> _THE DATA_:
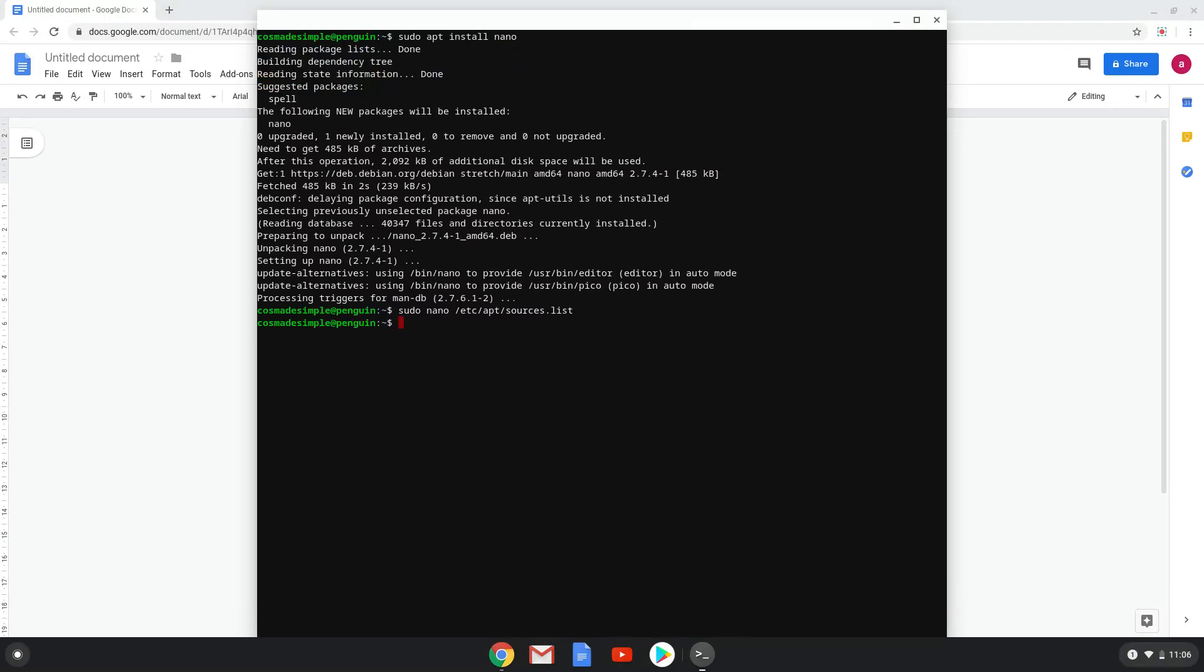Let's move to the third step, where we will update our repositories, by copying and pasting the command in our terminal session.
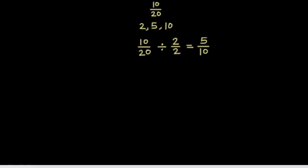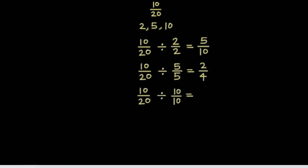I could also divide 10 by 5 and 20 by 5 to get 2 fourths. And I can divide 10 by 10 and 20 by 10 to get 1 half.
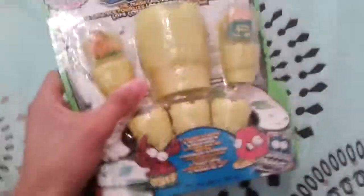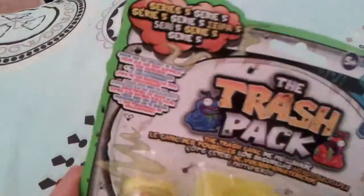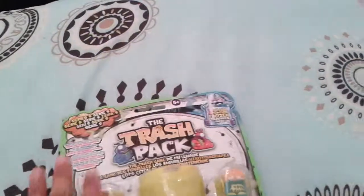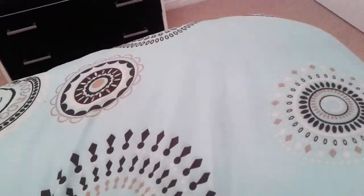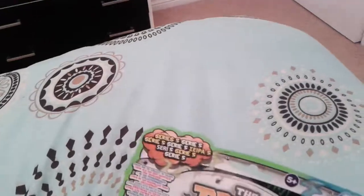Welcome Trash Pack Fans to another latest and newest Trash Pack Review. Now today I'm going to be opening a Trash Pack Series 5 12 Pack. They come with 10 Trashies and 2 Frozen Trashies.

> _TASK TO CARRY OUT_: Without the pictures, print the whole listing exactly as given.

> _ANSWER BOX_:
Let's move to the third step, where we will update our repositories, by copying and pasting the command in our terminal session.
I could also divide 10 by 5 and 20 by 5 to get 2 fourths. And I can divide 10 by 10 and 20 by 10 to get 1 half.
Welcome Trash Pack Fans to another latest and newest Trash Pack Review. Now today I'm going to be opening a Trash Pack Series 5 12 Pack. They come with 10 Trashies and 2 Frozen Trashies.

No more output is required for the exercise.